UNIVERSITY of GLASGOW

IT Services
Home > Services A-Z > IT Services > Regulations, committees and policies > Security policies > Information Security Management System scope

Information Security Management System scope

The University is a research-led education institution established in 1451 by Papal Bull and governed by the University Court. It is physically based on two main campuses at Gilmorehill and Garscube Estate, with other facilities located in and near Glasgow, Scotland. University property locations are briefly shown below. All locations are subject to the Information Security policy. The University is a large enterprise, with revenues in excess of £250M per year, and with around 5,000 employees and 18,000 students. There are around 10,000 computers attached to the University network, which is a very high performance optical fibre based network. The University is the lead organisation in ClydeNET, and as such is responsible for connecting 28 other Universities, HEIs and FECs in the South and West of Scotland to the SuperJANET backbone network.

The University's primary business is education and research. Education provides <50% of income. Most students are in full time attendance at campuses at Glasgow and Crichton near Dumfries. A relatively small number are part time (compared with some Universities), and there are a small number of Distance Education courses, mainly paper-based but increasingly moving to digital delivery. Some students operate off campus, for example many medical students spend significant parts of their time at NHS facilities, and many Education students spend significant time in schools. There are a large number of Adult and Continuing Education courses and students, but the latter translate into only a few FTEs.

The majority of income comes from research; at any one time many hundreds of research projects are active, funded from a wide variety of sources including Research Councils, charities and other bodies. A relatively small proportion of research is based on contracts preventing public disclosure of the results. However, knowledge transfer through commercialisation is a growing area of activity, involving spin-offs, start-up companies, and licensing of IPR.

The scope of this security policy includes all resource units, faculties and departments of the University, including externally funded research units. Every computer on University premises or attached to the University's Intranet (whether through a wired or wireless connection) is within the scope.

Every person studying, researching, working or on business at or with the University, whether student, staff member (temporary, permanent, honorary or visiting), contractor or visitor is within the scope.

Information assets of the University are extremely diverse.
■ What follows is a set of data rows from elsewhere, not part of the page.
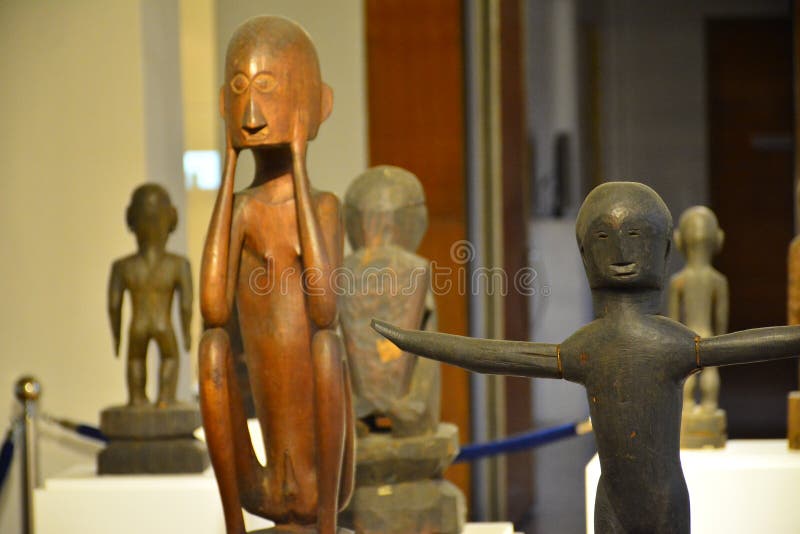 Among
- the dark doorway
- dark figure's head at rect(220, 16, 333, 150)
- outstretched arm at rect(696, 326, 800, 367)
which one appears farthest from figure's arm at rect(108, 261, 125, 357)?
the dark doorway

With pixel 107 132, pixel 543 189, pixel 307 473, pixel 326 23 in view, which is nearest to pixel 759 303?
pixel 543 189

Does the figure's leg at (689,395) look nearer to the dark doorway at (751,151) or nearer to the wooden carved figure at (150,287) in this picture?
the wooden carved figure at (150,287)

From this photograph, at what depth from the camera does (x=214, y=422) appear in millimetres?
2488

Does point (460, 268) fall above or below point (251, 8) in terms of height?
below

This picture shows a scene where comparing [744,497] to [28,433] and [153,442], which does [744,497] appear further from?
[28,433]

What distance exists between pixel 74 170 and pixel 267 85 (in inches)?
93.9

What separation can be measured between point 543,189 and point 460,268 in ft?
7.92

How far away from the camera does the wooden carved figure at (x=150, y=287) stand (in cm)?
366

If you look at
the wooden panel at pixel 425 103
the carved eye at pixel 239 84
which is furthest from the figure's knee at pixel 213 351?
the wooden panel at pixel 425 103

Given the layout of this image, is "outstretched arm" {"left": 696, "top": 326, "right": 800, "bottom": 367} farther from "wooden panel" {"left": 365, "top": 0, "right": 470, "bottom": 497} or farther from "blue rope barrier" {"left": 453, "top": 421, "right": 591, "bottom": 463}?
"wooden panel" {"left": 365, "top": 0, "right": 470, "bottom": 497}

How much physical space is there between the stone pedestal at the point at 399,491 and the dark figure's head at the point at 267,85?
33.6 inches

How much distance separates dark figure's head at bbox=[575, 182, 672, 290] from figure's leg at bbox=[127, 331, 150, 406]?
2165mm

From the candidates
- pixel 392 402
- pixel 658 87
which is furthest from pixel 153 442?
pixel 658 87

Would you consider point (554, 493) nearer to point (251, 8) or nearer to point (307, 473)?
point (251, 8) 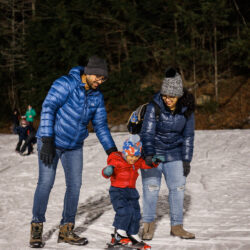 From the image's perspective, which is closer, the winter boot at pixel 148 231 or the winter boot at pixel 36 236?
the winter boot at pixel 36 236

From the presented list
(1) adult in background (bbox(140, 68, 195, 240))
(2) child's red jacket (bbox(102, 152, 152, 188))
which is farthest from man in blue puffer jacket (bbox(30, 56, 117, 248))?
(1) adult in background (bbox(140, 68, 195, 240))

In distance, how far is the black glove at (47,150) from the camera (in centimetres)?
418

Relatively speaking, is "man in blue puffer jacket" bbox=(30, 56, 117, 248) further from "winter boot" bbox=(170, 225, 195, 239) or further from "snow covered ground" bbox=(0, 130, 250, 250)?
"winter boot" bbox=(170, 225, 195, 239)

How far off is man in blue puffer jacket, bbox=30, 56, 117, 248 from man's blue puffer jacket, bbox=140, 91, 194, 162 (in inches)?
16.8

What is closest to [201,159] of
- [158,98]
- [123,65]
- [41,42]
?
[158,98]

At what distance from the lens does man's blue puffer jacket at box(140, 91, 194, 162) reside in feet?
14.8

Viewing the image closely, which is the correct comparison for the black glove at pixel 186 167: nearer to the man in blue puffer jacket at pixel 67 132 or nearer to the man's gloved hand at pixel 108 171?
the man in blue puffer jacket at pixel 67 132

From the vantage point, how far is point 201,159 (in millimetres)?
10484

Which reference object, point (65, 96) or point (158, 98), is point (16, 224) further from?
point (158, 98)

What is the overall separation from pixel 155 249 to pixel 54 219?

Interpreting the term broadly (as BS 7799 implies), these assets include:

  • The physical estate as far as it impinges on other information assets (this would include those parts of the estate that provide security to information assets, for example)
  • Campus infrastructure including power and telecommunications equipment, but including infrastructure such as heat, light, water etc as far as it impinges on other information assets
  • Staff, including those on fees payroll who support education and research, or carry out key roles in relation to information assets
  • Non-digital information handling systems, such as the post room, confidential waste disposal, etc
  • Computer systems, both client/terminal systems and server systems, as well as computers that form part of other equipment or the infrastructure itself
  • Computer software, including public domain software, but particularly that licensed from external bodies or created and managed by the University, especially where it contains valuable IPR or is involved in protecting information assets
  • Books, journals, maps, manuscripts, images, sound and video resources, reference and database materials for education and research held in the
  • University Library (note, these are subject to existing mechanisms), faculties and departments
  • Artistic and cultural objects held in the Hunterian Museum and Gallery (note, these are subject to existing mechanisms), in faculties and departments
  • Archives and records held in the University Archives (note, these are subject to existing mechanisms), in faculties and departments
  • Published and un-published works, drafts, essays, assignments, exams, programs, artistic and musical works and databases held by staff and students
  • Administrative data including personal data and sensitive personal data held on central computer server systems, in faculties and departments and on client systems.


Locations covered by this policy include

  • Gilmorehill campus, including the St Andrews Building and other peripheral buildings
  • Garscube campus including Wolfson Hall and Conference Centre, and University facilities at the Science Park
  • Crichton Campus near Dumfries
  • Research Centres and other facilities including Cochno, Rowardennan, Millport and East Kilbride
  • University parts of joint departments and centres with other institutions (eg NAME)
  • University equipment held off campus, eg in private homes or in transit
  • Any University-funded clusters in Halls of Residence, even if transferred.

The aim of the Information Security Management System is to provide stakeholders assured access to the information assets within the terms of the Information Security Policy.